The UK government must review visa and immigration policies for university staff and students if efforts to boost research and innovation are to be successful post-Brexit, according to the vice-chancellor of the University of Cambridge.
Stephen Toope told a conference that the ability to collaborate with and to attract the best talent from Europe was “crucial”, but, he continued, the current visa system – which academics from the European Union are likely to have to go through once the UK leaves the bloc – “does not function effectively”.
Many academics from outside the EU already must go through the Tier 2 skilled worker visa route. However, the number of such visas that can be issued is capped at 20,700 annually, and the number of applications has exceeded the allocation of available places in recent months.
Pressures on NHS recruitment have resulted in doctors and nurses being taken out of the cap, a move that has fuelled pressure for similar exemptions to be made for researchers.
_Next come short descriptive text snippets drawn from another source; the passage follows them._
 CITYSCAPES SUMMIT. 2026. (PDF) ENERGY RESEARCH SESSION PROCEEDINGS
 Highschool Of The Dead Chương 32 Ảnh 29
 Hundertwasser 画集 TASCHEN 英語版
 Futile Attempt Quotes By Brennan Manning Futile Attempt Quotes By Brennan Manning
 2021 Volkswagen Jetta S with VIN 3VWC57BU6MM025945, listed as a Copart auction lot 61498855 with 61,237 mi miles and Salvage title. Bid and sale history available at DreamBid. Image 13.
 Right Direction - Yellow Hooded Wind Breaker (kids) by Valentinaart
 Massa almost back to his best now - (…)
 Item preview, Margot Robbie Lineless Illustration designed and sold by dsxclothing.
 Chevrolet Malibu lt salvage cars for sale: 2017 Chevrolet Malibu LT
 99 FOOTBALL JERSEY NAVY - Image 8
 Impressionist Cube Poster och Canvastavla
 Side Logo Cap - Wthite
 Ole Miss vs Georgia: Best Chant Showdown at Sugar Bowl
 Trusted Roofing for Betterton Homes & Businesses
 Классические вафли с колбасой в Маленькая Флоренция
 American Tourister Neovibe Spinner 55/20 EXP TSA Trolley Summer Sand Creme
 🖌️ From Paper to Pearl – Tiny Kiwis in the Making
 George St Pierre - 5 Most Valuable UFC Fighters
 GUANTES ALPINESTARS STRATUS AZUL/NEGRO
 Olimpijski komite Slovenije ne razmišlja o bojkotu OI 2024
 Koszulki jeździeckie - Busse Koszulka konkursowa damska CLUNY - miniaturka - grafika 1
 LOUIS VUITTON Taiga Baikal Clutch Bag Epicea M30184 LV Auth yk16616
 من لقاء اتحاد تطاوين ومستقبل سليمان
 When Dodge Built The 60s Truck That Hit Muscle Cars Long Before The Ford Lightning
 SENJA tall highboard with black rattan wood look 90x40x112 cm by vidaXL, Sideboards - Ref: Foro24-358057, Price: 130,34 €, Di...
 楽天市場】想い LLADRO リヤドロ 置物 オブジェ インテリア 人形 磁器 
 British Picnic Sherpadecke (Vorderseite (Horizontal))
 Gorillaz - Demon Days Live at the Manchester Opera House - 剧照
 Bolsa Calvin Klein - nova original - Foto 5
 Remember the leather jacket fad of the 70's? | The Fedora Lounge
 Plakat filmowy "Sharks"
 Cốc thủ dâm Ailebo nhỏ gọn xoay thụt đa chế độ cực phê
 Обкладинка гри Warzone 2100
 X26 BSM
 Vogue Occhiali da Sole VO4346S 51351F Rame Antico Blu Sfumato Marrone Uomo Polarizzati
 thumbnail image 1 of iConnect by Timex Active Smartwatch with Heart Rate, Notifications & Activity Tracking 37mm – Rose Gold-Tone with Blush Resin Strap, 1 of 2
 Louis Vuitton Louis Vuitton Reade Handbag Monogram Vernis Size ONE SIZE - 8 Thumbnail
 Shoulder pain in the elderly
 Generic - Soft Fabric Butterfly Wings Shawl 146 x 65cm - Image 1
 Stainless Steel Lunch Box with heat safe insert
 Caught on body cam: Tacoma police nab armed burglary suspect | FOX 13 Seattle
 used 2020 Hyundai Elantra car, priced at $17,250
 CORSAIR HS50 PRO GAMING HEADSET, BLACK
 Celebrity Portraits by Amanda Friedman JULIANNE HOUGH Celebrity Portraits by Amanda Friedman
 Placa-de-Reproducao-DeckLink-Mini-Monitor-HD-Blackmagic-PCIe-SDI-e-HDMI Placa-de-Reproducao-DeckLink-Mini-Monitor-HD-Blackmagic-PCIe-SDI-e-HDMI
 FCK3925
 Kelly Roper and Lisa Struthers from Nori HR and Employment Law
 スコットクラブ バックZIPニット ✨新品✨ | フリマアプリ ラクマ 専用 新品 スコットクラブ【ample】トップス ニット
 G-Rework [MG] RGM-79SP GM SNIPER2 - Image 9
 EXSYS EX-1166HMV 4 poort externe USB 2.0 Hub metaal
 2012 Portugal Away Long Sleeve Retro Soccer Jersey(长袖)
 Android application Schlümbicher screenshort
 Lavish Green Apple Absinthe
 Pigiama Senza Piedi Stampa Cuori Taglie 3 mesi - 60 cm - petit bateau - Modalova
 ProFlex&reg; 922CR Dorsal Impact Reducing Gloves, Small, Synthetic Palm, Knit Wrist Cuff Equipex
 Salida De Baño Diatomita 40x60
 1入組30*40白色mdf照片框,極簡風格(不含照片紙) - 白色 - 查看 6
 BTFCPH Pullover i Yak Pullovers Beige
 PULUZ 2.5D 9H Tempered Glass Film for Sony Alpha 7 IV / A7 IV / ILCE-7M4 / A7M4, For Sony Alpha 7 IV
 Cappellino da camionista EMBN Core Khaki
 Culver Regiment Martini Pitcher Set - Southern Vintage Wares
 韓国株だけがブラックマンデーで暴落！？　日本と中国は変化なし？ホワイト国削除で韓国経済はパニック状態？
Professor Toope was speaking at an academic “salon” organised by the Chinese telecommunications company Huawei. The event also heard a commitment from the universities minister, Sam Gyimah, that the government would “tackle a shortage of STEM skills to develop a dynamic UK economy” after Brexit.
“The UK needs to be a magnet for talent,” Mr Gyimah said. “At undergraduate level, postgraduate level and beyond, we need to be as open as possible to attract those people into our country.”
However, Professor Toope warned that the current “impasse” in Brexit negotiations “seems not to be propitious for innovation in UK universities”.
“It is very clear to me that certain things must be in place if the promises outlined by the minister are to happen…We have to sort out our immigration policy,” he said.
“We have to make sure students have the ability to come here and feel welcomed here, and we have to attract talent at all levels; so we cannot rely on the Tier 2 visa system because it does not function effectively in this space.”
Meanwhile, reports of foreign researchers in the UK being “unfairly monitored” by university management for visa purposes and being threatened with deportation if they do not comply have added to concerns of a “hostile environment” within academia.
“The UK must think about the message it is sending out to the rest of the world,” Professor Toope added. “Are we genuinely a global Britain, or are we protecting a notion of historical Britain that no longer exists?”
Under proposals announced by the government on 21 June, EU citizens and family members who have been in the UK for five years by the end of 2020 will be able to apply for settled status, meaning that they can go on living and working in the UK indefinitely. Those who have arrived by 31 December 2020 but do not have five years’ residence can seek to stay until they have, at which point they may apply for settled status.
However, the Russell Group raised concerns that rules that prevent EU nationals seeking settled status from leaving the country for six months in any year would pose a “serious challenge” for academics who might need to undertake overseas study.